Attorney-at-Law

“ALL OR NOTHING AT ALL”

In Uncategorized on 10/12/2016 at 23:18

Coming back from a three-day layover, Tax Court is remarkably quiet. No opinions, and three of the four designated hitters are ho-hums.

But count on that Obliging Jurist, Judge David Gustafson, to reprise Jack Lawrence’s immortal words in the Frank Sinatra 1939 hit. Here’s Anthony Sean Martinez, Docket No. 14383-15, filed 10/12/16.

The issue is Anthony Sean’s medical condition: is it combat-related? Check out Section 112 and the regs. It could mean real money.

Well, trial ended this past May. Judge Gustafson asked Anthony Sean if he wanted to put in any more evidence, whether witnesses or papers. “No, Your Honor, I do not.” Order, at p. 1.

Of course the pretrial standing order is “swap all documents you will put in on the trial at D minus 14 days.” Or forever hold whatever.

Four months post-trial, Anthony Sean’s post-trial brief featured exhibits. These were documents he hadn’t put in on the trial.

Judge Gustafson treats the post-trial brief as a motion to reopen the record, and asks IRS to weigh in. IRS, of course, asserts untimeliness and prejudice.

So Judge Gustafson has a phone-a-thon. And he tells Anthony Sean the words Jack Lawrence wrote so many years ago.

“During the conference call, petitioner explained that the new documents are selected pages from his 600-page medical file, which includes personal, medical information irrelevant to this case. The Court explained to petitioner that, if the Court were to allow him to rely on the new documents, the Court would require him to provide the entire file to his opponent, would order a supplemental trial session during which petitioner would be subject to cross-examination on the new documents, and would allow respondent to offer into evidence any additional relevant pages from the file.” Order, at pp. 1-2.

In other words, the Rule of Completeness. If you want to draw the Court’s attention to one part of a document, the whole document goes in, and the other side gets to read in the nasty parts.
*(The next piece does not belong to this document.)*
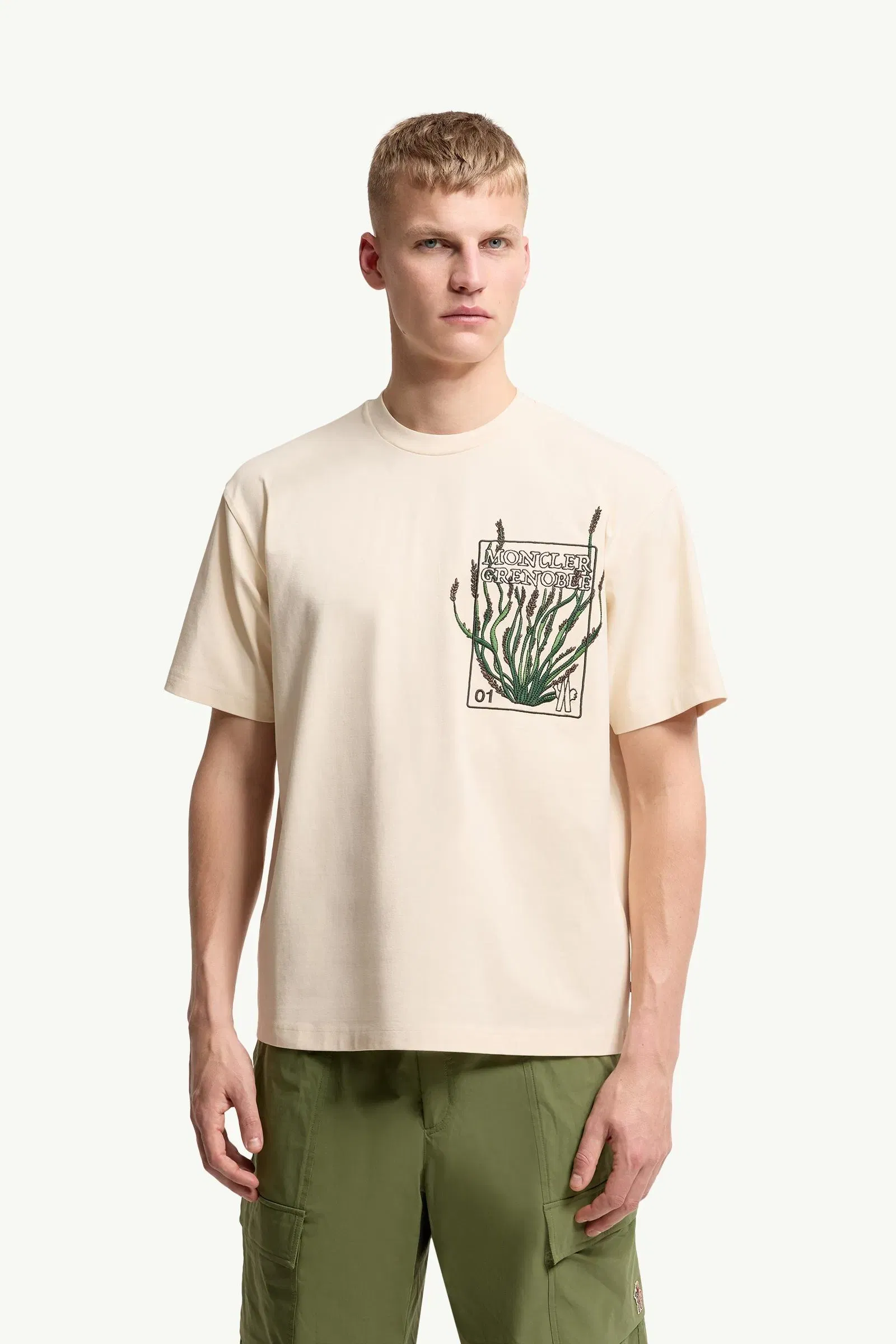 Moncler Embroidered Botanical Motif Cotton T-Shirt White Ivory White Ivory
And if you put any part of your physical or mental condition at issue, the other side gets to check out all of it, not just the part you want.

Anthony Sean decides that discretion is the better part.

“Petitioner stated that he is not willing to disclose the entire file to the IRS, and he seemed to indicate that he is not willing to incur the risk that additional pages might become part of the record in this case.” Order, at p. 2.

So the record remains shut, and the new documents are out. “…it would be unfair to allow petitioner to offer cherry-picked documents from his file in order to prove the medical facts he seeks to prove, without allowing respondent to explore his medical file to test the correctness of petitioner’s contentions.” Order, at p. 2.